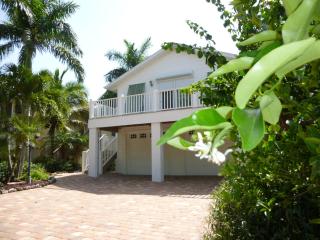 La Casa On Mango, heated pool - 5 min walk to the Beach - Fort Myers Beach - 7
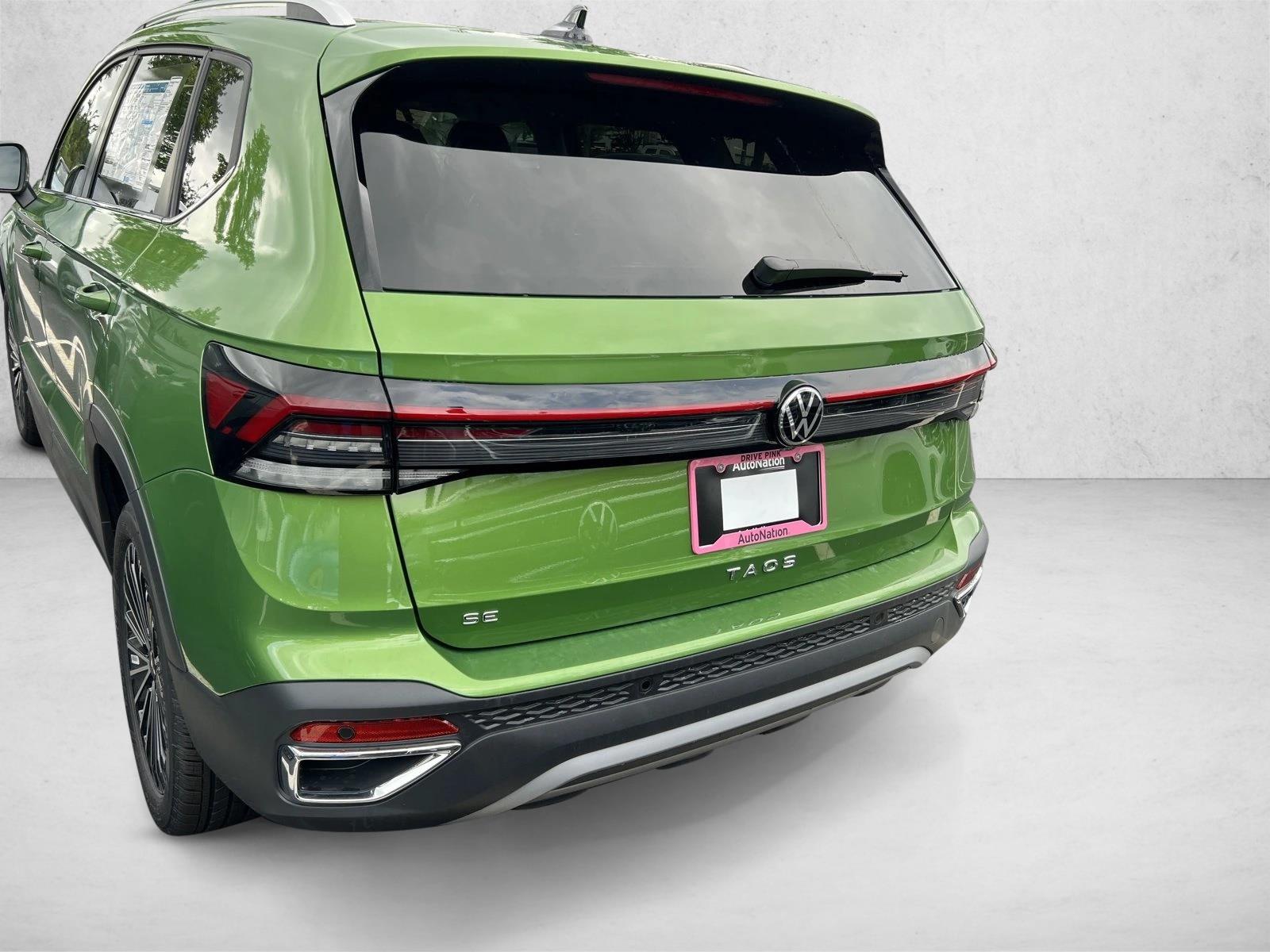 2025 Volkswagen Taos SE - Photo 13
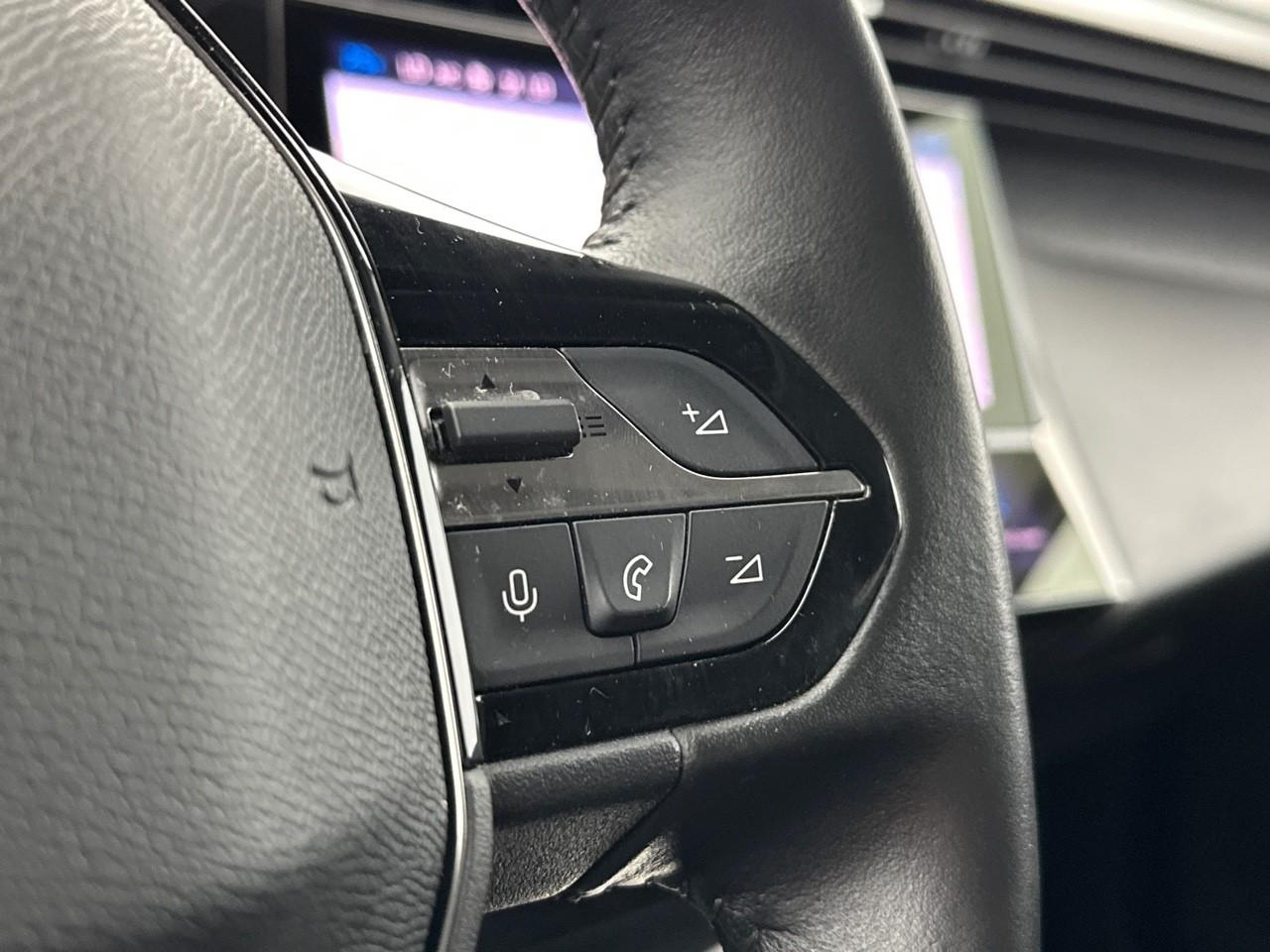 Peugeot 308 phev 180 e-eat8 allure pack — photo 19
---
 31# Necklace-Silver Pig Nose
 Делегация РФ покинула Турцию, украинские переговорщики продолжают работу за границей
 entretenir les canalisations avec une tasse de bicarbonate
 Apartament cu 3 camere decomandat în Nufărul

- _Activity_
Nothing but the lines above, starting at the line that contains "La Casa On Mango, heated" and ending at the line that contains "Peugeot 308 phev", should be given again, exactly and without the pictures.

- _Problem solution_
 La Casa On Mango, heated pool - 5 min walk to the Beach - Fort Myers Beach - 7
 2025 Volkswagen Taos SE - Photo 13
 Peugeot 308 phev 180 e-eat8 allure pack — photo 19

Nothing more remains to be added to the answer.